"But the stats should be telling me what would happen in an equal match up, where both players have access to the same weapons and are at the same health."
The rank is no longer valid because it does not reflect Goldeneye Source As Played On This Server, but rather some fantasy land where everyone stands back-to-back before walking ten paces. You're focusing on one element of gameplay (the all-things-even duel situation) at the cost of ignoring the whole of the game.
"it's easy to only join the server when completely new players are on."
My formula does compare the players' current stats. A high-ranked player defeating a low-ranked player is under-weighted. That's part of getting away from the HLstatsX points system; if your rank is high and you beat a first timer, you don't get much/anything from it because that player has little/no record to prove that you actually overcame a challenge.

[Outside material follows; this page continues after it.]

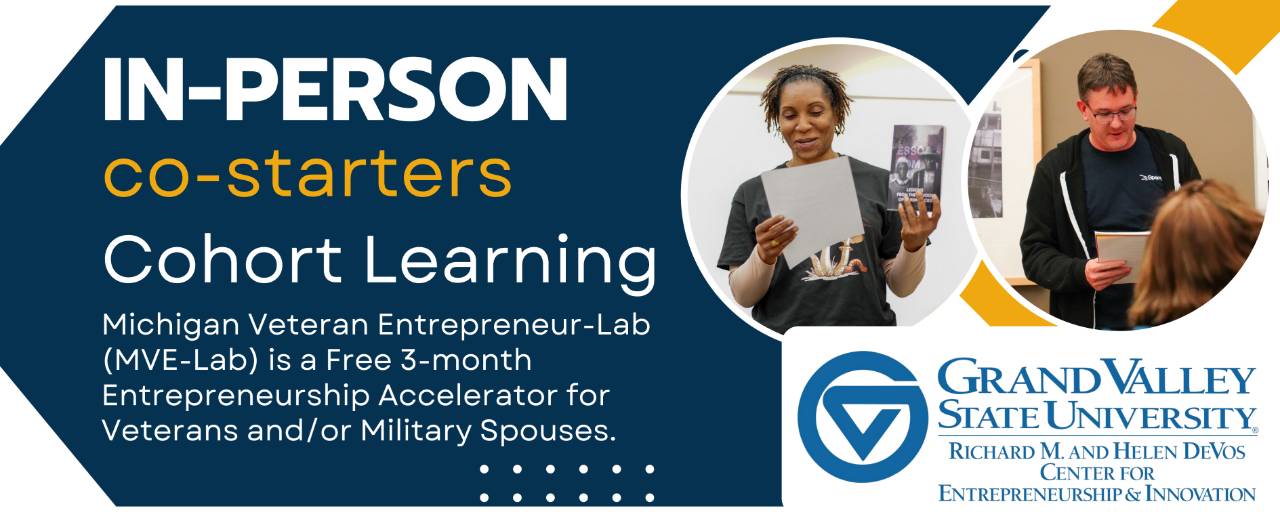 MVE LAB FREE VETERANS ENTREPRENEURS ACCELERATOR WEBSITE BANNER IN PERSON CO-STARTERS COHORT LEARNING WITH PICTURES OF THE MVE LAB PARTICIPANTS 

Let's look at the very first graph again, but at 10:1 responsiveness, which really shows real-time hot/cold-streaks instead of long-term performance.
My line (purple) quickly approaches Perfect at first, because it was basement and I was simply not dying against newbie players. (I got my no-deaths acheivement and two 6-Awards in this session.)

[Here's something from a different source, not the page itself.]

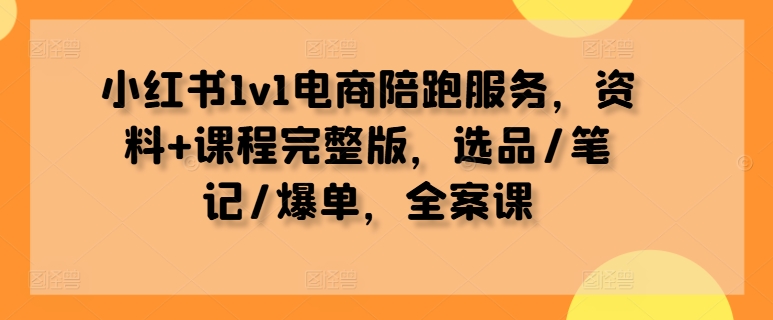 小红书1v1电商陪跑服务，资料+课程完整版，选品/笔记/爆单，全案课 - 冒泡网-冒泡网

Someone (red) showed up who knew how to fight, and my inflated -by-newbies rank is quickly normalized until I adapt my strategy and start winning my fights again. Then a third player (olive) entered and started losing against me but winning against Red until the end when he adapted to Red.
Beating up newbies to inflate rank is impossible to avoid since, if the population of gameplay events is one guy beating up newbies, then he's the best player in the pool by a wide margin. You seem to want to force all players to compete against a hypothetical metric, a perfectly matched opponent HP/AP/Arsenel-wise but with flawless gameplay as the standard. But that both does not exist and is not seen in the actual game.
Anyway, I'm tired of arguing this. Your vision of how players should be ranked and my vision of a way that they can be ranked practically and usefully differ.
If you wish to participate further, you could throw me some server logs. If you have a large number of regulars with whom you are well-familiar, you could look over my results and provide feedback to tell if my evaluation agrees with how you would sort them, despite not taking AC-10 and spawnkilling into account.